The Chinese-Korean border is easy to cross, and it is clear that numbers of the defectors are kept small only by security measures undertaken by the North Korean side. However, the story of the region is essentially the story of the cross-border movement. Technically, the narrow Tumen and relatively broad Yalu divide the territories of two different countries. However, both banks of the Tumen are inhabited by the Koreans, and for large part of the last century neither state was either willing or able to control the border completely. It has been porous for decades, and in a sense it remains porous nowadays. The cross-border migration, legal or otherwise, has never stopped completely.

It might sound strange now, but until the late 1970s North Korea was seen by the Chinese as a land of relative prosperity, so the refugee flow moved from China to Korea. In the 1960s many ethnic Koreans fled the famine and the madness of the “cultural revolution,” looking for a refuge in Kim’s country. There, at least, people were certain to receive 700 grams of corn every day. Many of those early refugees eventually moved back, but only a handful were persecuted by the Chinese authorities. In most cases the returned migrants just resumed the work at the factories and people’s communes where they had worked before their escape. This movement was large, it involved few ten thousand people at least, and many of those people were saved by their sojourn in North Korea.

This episode, not widely known outside the area, is still well remembered by the Chinese. Many of my interlocutors explained their willingness to help the North Korean refugees in the following way: “When life was harsh here, they helped us. Now it is our turn.”

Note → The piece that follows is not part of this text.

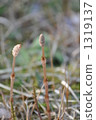 horsetail, botanic, botanical 1319137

The Chinese border protection system has always been quite lax, but from the 1970s North Korean authorities have tried to the keep border tightly controlled. However, all their efforts could not prevent a massive exodus of the North Koreans, which began around 1995.

In those years North Korea was struck by a disastrous famine which led to massive deaths. The number of its victims has been estimated at between 250,000 and 3,000,000 with 600-900,000 being probably the most reliable figure so far. The northern parts of the country, adjacent to the border, were the hardest hit.

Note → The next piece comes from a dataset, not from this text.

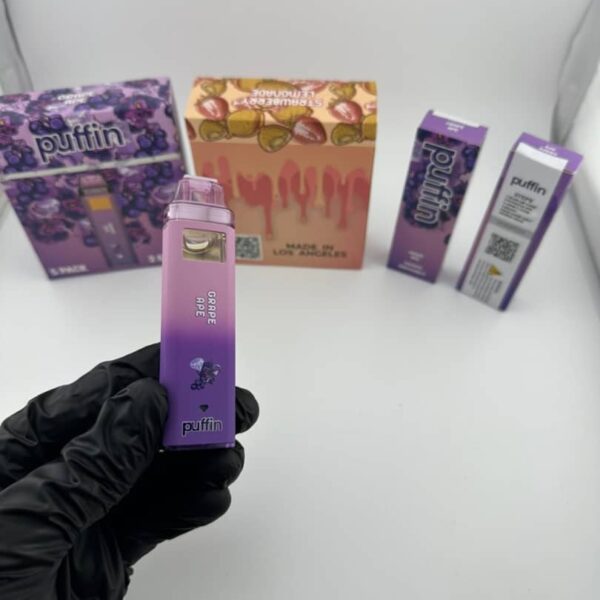 puffin 2g disposable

So it comes as no surprise that many North Koreans illegally moved across the border to find work and refuge in China. Around 1999 when the famine reached its height the number of such people reached an estimated 200-300,000.

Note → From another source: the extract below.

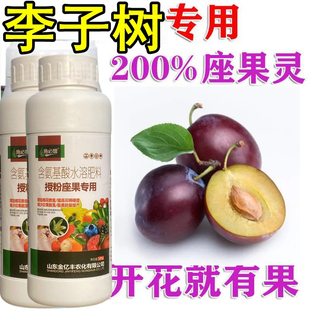 李子座果灵李子强力授粉保花保果防落果防裂李子坐果灵李子授粉药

This movement was not authorized, but from around 1996 Pyongyang authorities ceased to apply harsh penalties to the border-crossers. Until that time, an attempted escape to China would land you a prison for years. From the late 1990s, an escape to China was treated as a minor offence. It is even possible that the North Korean authorities deliberately turned a blind eye on the defectors: after all, people who moved to China were not to be fed, and also, being most active and adventurous those people would probably become trouble-makers had they been forced to stay in North Korea.

A vast majority of those refugees stayed in the borderland area where one can survive without any command of Chinese (the ethnic Koreans form some 35% of the population, and Korean villages are common). The refugees took up odd jobs, becoming construction workers, farm hands, waitresses and cooks in small restaurants. The authorities hunted them down and deported them back to North Korea, but generally without much enthusiasm, since both low-level officials and population by and large was sympathetic to the refugees’ plight. The older Chinese know only too well what it means to suffer from famine.

Most of the refugees were women, some of whom married the local farmers – usually those who would not find a wife otherwise. In most cases it means that they were paired with drunkards, drug addicts or gamblers, but in some cases their partners were merely dirt-poor farmers. These marriages were not usually recognized by Chinese law since these women, technically speaking, did not exist. In some cases, they saved enough money to bribe the officials and had a Chinese citizen ID issued. If this happened, a refugee woman changed her identity, becoming a Chinese national.

Nowadays, the refugees’ number has shrunk considerably, even though old figures are often uncritically cited by the world media. Nowadays, people in the know believed that between 30-50,000 North Koreans are hiding in China.

Why did their numbers go down recently? There are few reasons for that. To start with, a remarkable improvement of the domestic situation in North Korea played a role, but most people with whom I talked to in China in July agreed that the major reason for this change is the revival of the North Korean border security in recent few years. Until 2004 or so, North Korean authorities usually turned a blind eye to mass exodus of their people to China. Now their position has changed. They understand that the border serves as a major conduit for unauthorized information about the outside world, and now this information is becoming dangerous. They also believe that the famine is over, so people can be fed if they stay in North Korea. So, it seems that the era of large-scale illegal migration is over. Nonetheless, history of the region indicates that this movement is unlikely to ever be stopped completely.